ATHENS (Reuters) - Significantly fewer German and British tourists visited Greece in the early months of 2012, the central bank said on Friday, kept away by the political turmoil that prompted one foreign holiday operator to delay payments on hotel bookings.
In further bad news for an economy mired in its fifth year of recession and struggling with record unemployment, visitor receipts fell 15.1 percent year on year in the first quarter.
Tourism is a key sector for Greece’s 215-billion-euro economy with visits to the country’s sun-drenched islands and ancient ruins accounting for about 15 percent of total output and one in five jobs.
A hoped-for upsurge in arrivals would help offset the economic gloom, but strikes and sporadic riots in central Athens have spooked visitors, and an inconclusive general election earlier this month prompted others to put off travel plans due to fears Greece might be pushed out of the euro zone.
Italian tour operator Veratour said on Friday that, pending the outcome of a second election scheduled for June 17, it was seeking to delay payments on summer bookings with its Greek hotel partners.
“We’ve asked for some time, a bit of patience, until the situation is clear,” Stefano Pompili, marketing chief at the Italian company told Reuters.
He said Veratour had put down an advance of up to 40 percent on its contracts, but wanted to hold off on further payments because of the political and economic uncertainty.
The head of Greece’s main hotel association, the Hellenic Chamber of Hotels, said Veratour’s decision was the first by a tour operator this year. He did not expect others to follow.
“I believe our long-term partners will honour their agreements and will not try to benefit at the expense of so many Greek tourist companies and their clients who look forward to spending their holidays in Greece,” George Tsakiris said.
The Bank of Greece said receipts from Russian and German visitors were down by 41 and 7.9 percent respectively in the first quarter, while those from British travellers - the country’s second-biggest tourism market after Germany - fell 11 percent.
“The data confirms that it will be a difficult year for the tourism sector.
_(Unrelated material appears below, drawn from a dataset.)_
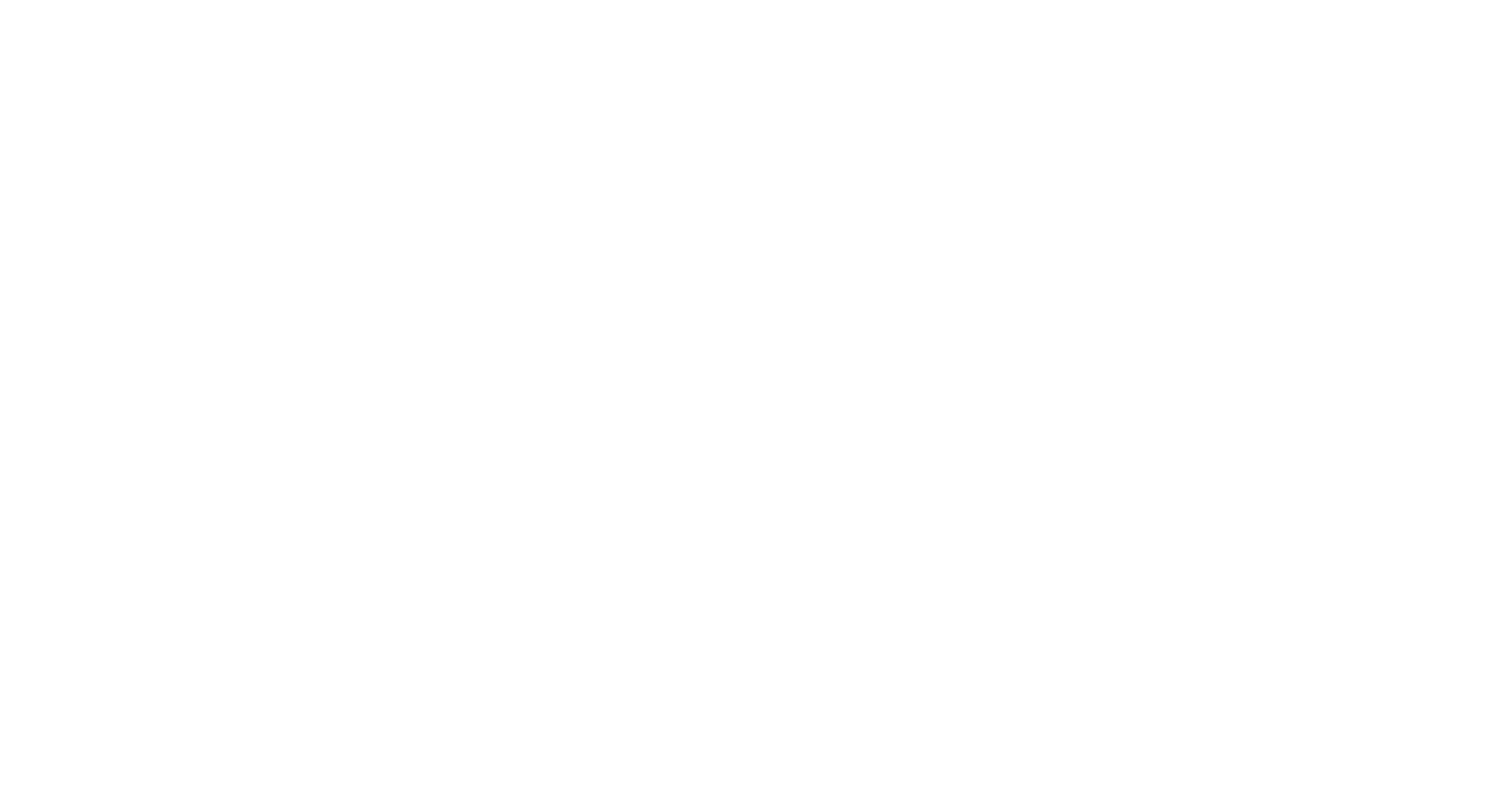 logo 30 ans blanc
Recession in the euro zone and high uncertainty in Greece are having a negative impact,” said National Bank economist Nikos Magginas.
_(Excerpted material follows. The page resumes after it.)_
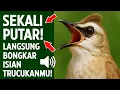Lagu Masteran trucukan gacor ngalas tarung ropel paling bagus untuk pancingan trucukan agar bunyi nyaut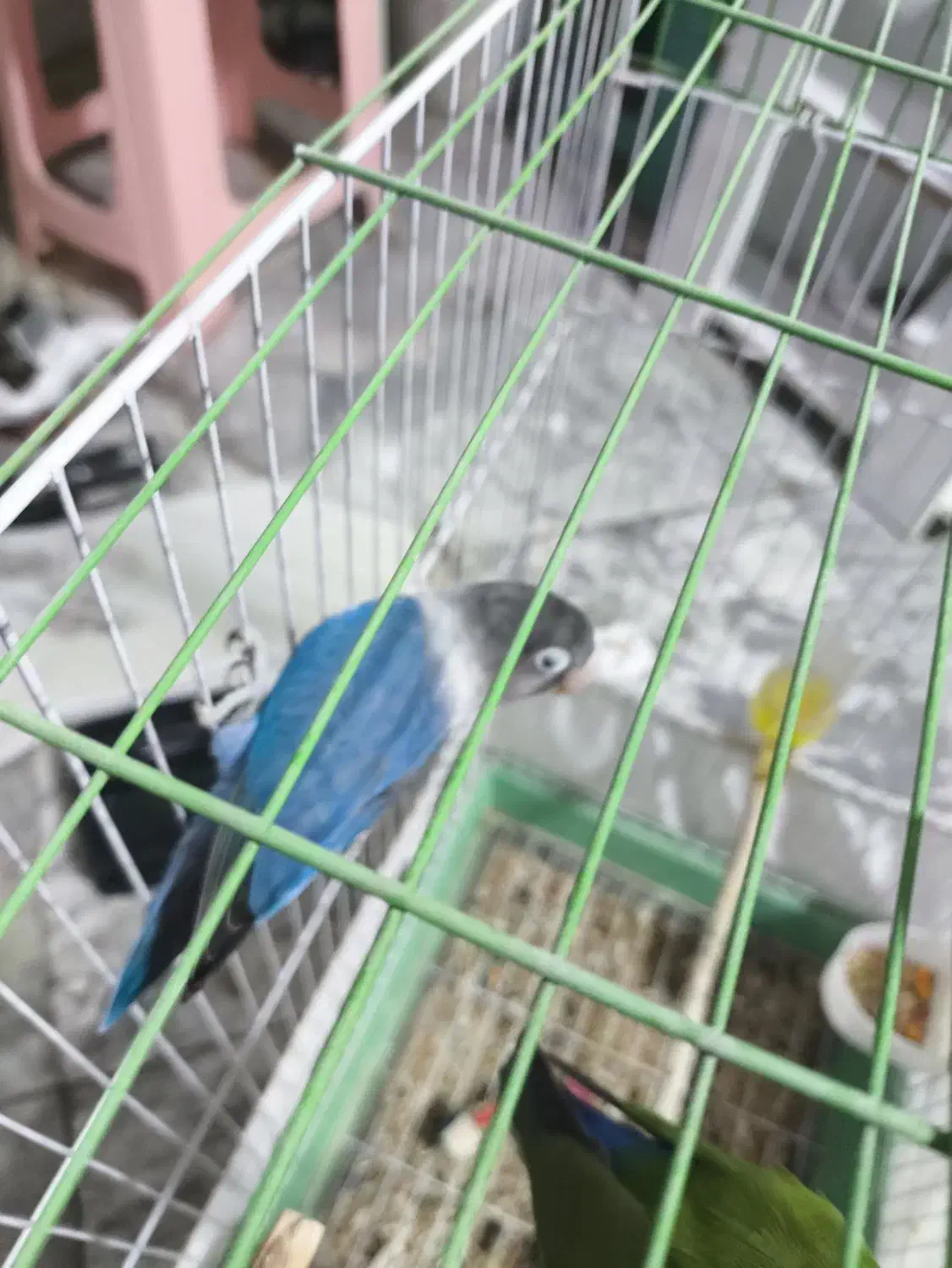 طوطی برزیلی مولد با بچه دو عدد|پرنده|پاکدشت, پاکدشت (مامازند)|دیوار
“The trend will probably worsen in the second quarter, so hopes for stabilisation are pushed back for after July,” he said.
Overall, the sector’s balance of payments showed a deficit of 28.5 million euros in the first quarter, down by 35.4 million year-on-year as Greeks also cut down on travel abroad.
The Bank of Greece said total travel receipts declined to 396 million euros with visitors spending an average of 405 euros per trip, down 3.8 percent from the same period in 2011.
The number of travellers visiting Greece, which remains at the centre of the euro zone’s debt crisis despite two bailouts, fell 11.7 percent in the first three months of the year to 978,600.
Tourism receipts from European Union visitors fell 28 percent year-on-year, while revenue from non-EU travellers was down 9.5 percent.
The Bank of Greece said revenue from Russian visitors fell 41 percent from the same period a year earlier.